● **What you need to do**: Only one span of the material below is wanted. Output it exactly, from the line with "Carmen Marc Valvo" through the line with "lost cute design toddler t-shirt", without any pictures.

+++ Supplied entries +++

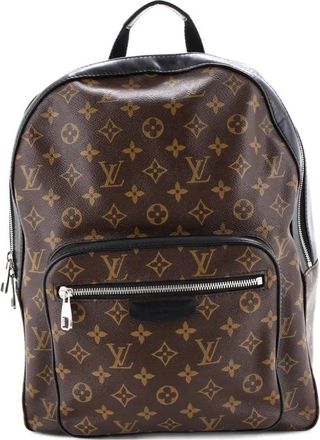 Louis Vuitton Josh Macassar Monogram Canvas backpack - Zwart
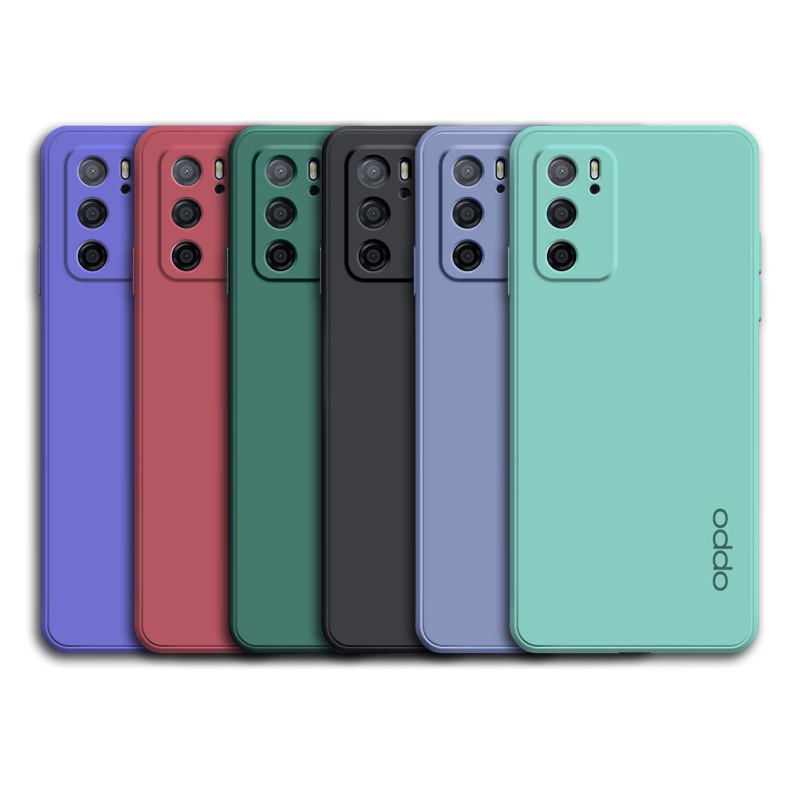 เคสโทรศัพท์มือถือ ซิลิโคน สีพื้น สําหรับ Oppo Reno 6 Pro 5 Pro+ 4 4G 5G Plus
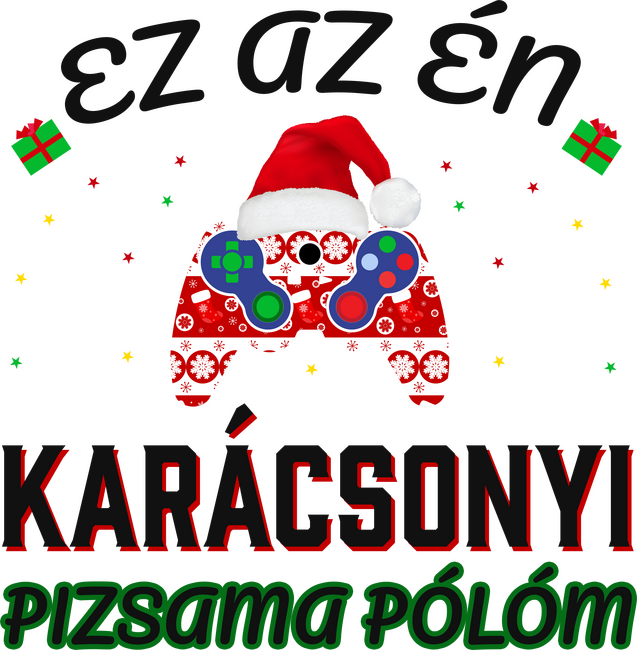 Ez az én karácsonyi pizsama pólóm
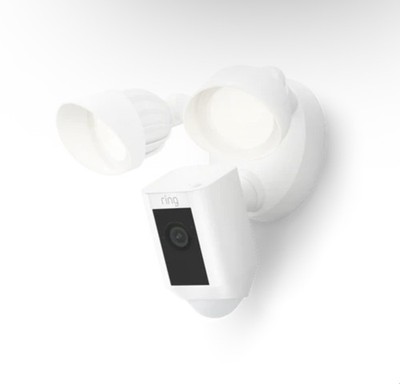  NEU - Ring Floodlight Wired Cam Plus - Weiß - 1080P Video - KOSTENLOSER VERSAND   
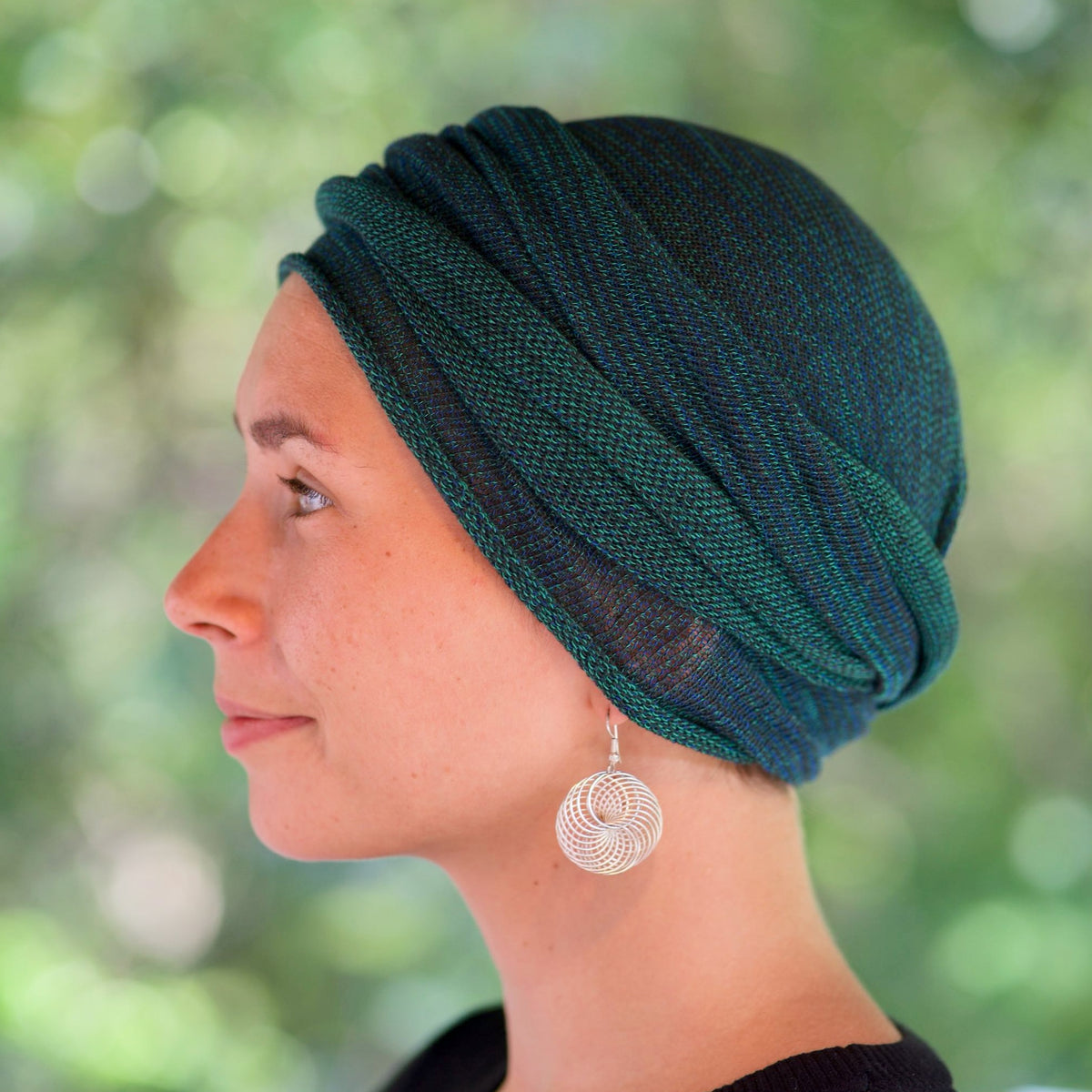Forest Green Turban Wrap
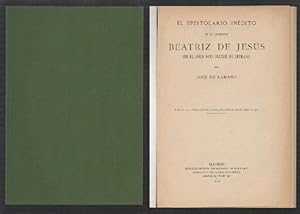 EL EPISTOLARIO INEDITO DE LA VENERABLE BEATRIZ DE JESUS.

+++
+++ Supplied entries +++

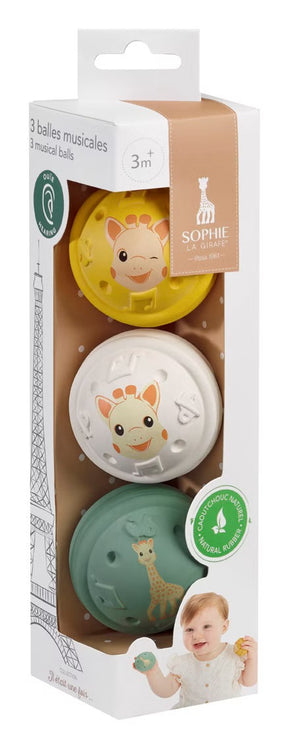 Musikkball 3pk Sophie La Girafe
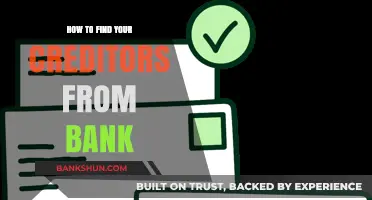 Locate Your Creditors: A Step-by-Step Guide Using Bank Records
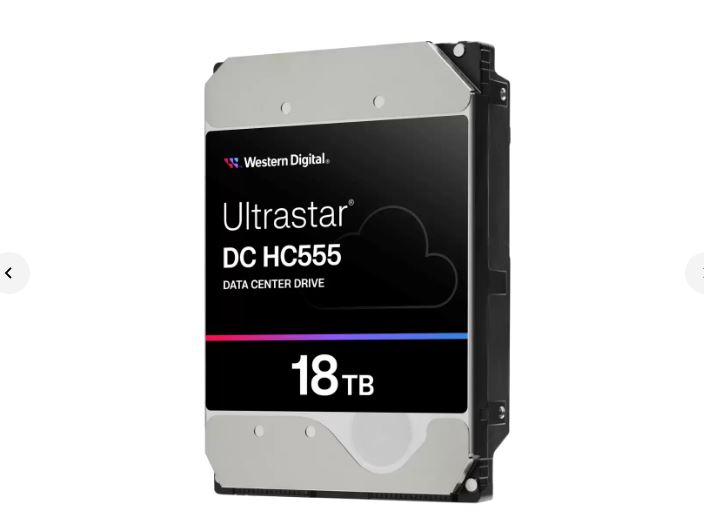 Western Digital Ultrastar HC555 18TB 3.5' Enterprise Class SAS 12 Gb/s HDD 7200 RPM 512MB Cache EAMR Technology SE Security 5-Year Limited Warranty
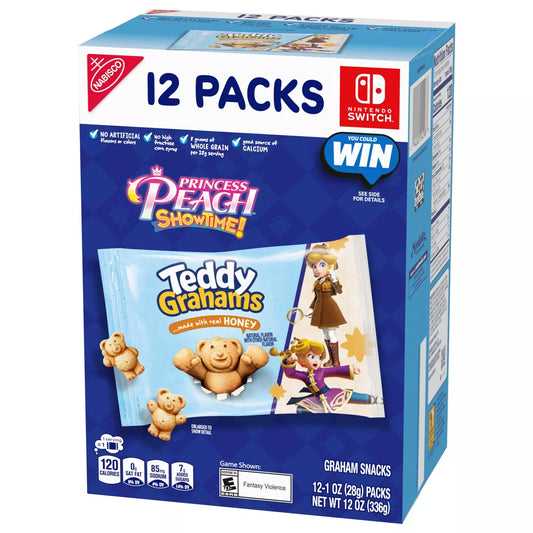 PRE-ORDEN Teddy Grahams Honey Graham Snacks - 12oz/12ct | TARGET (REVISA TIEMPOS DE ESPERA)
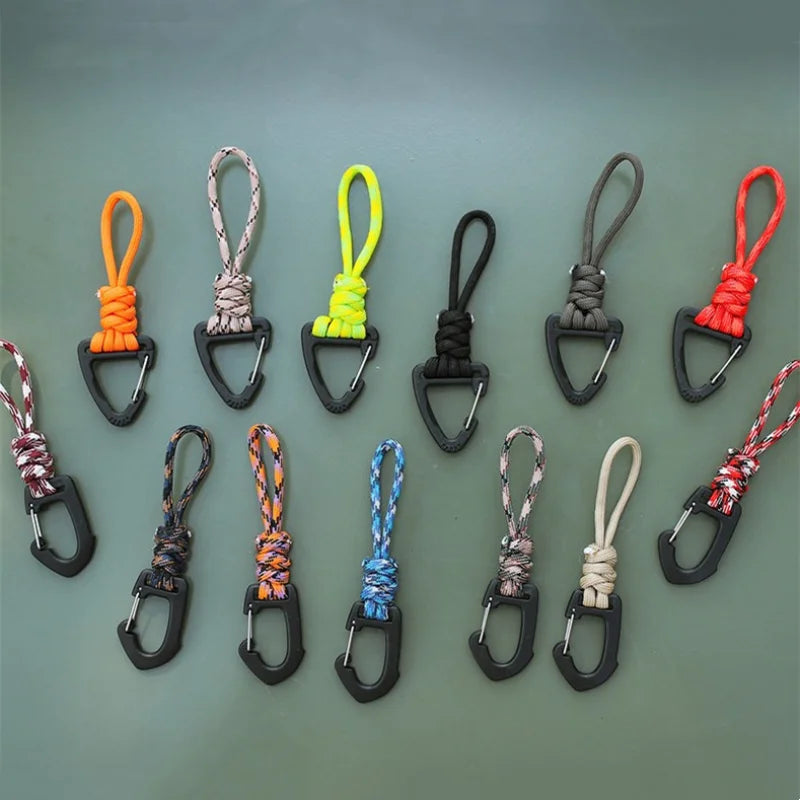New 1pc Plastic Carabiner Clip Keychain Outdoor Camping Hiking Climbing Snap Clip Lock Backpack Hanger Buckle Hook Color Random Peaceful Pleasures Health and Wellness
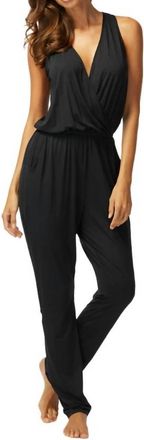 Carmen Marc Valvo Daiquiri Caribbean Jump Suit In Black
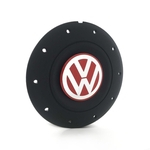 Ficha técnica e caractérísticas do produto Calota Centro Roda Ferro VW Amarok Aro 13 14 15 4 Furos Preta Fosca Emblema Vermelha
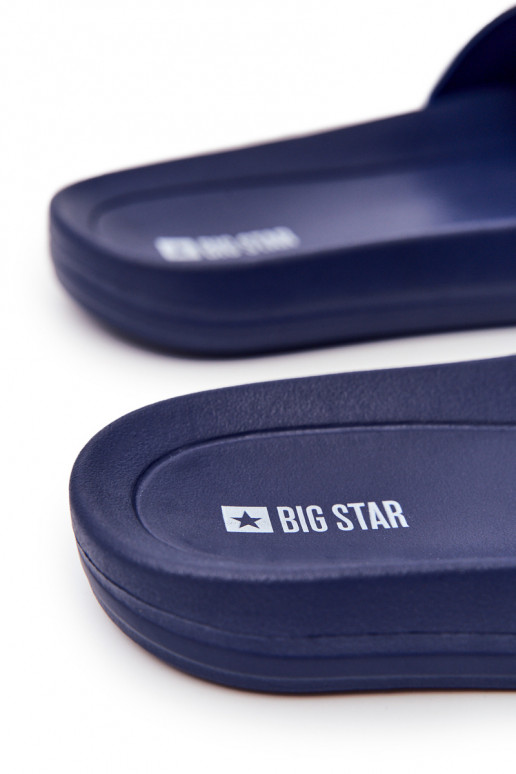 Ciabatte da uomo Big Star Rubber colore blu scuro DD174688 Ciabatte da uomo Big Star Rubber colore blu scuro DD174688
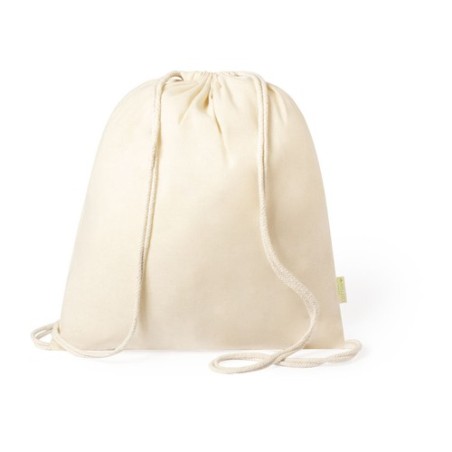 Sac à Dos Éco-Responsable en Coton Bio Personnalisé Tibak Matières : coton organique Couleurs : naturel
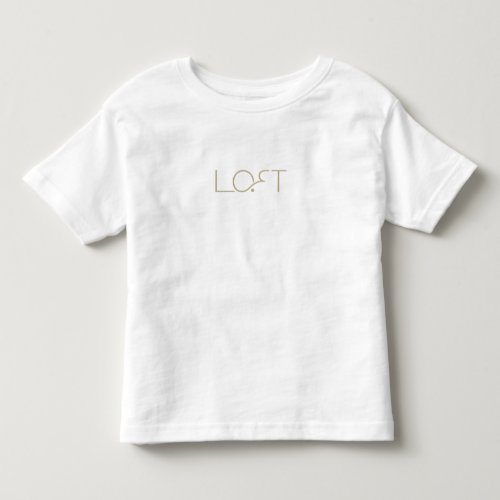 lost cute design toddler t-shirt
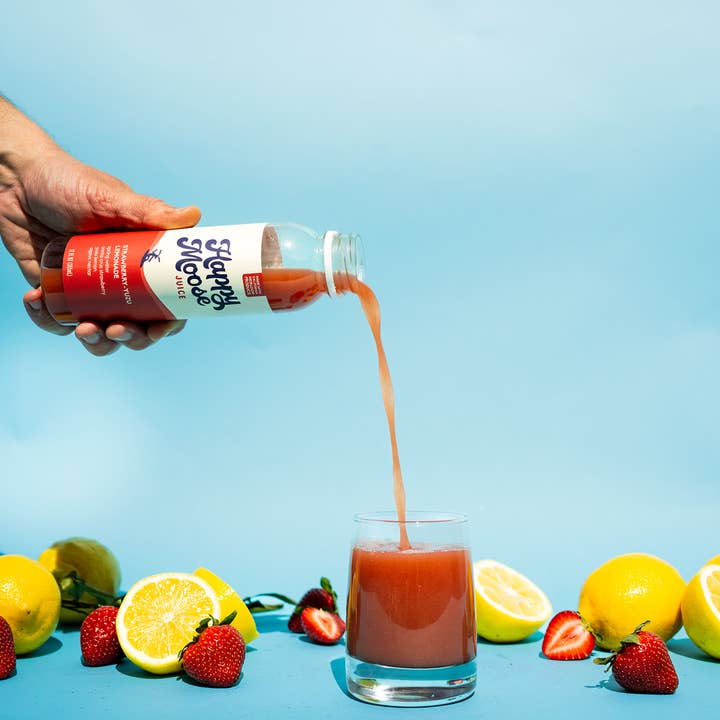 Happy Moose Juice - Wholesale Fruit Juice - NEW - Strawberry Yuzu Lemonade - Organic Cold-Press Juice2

+++

● **The completed task**:
 Carmen Marc Valvo Daiquiri Caribbean Jump Suit In Black
 Ficha técnica e caractérísticas do produto Calota Centro Roda Ferro VW Amarok Aro 13 14 15 4 Furos Preta Fosca Emblema Vermelha
 Ciabatte da uomo Big Star Rubber colore blu scuro DD174688 Ciabatte da uomo Big Star Rubber colore blu scuro DD174688
 Sac à Dos Éco-Responsable en Coton Bio Personnalisé Tibak Matières : coton organique Couleurs : naturel
 lost cute design toddler t-shirt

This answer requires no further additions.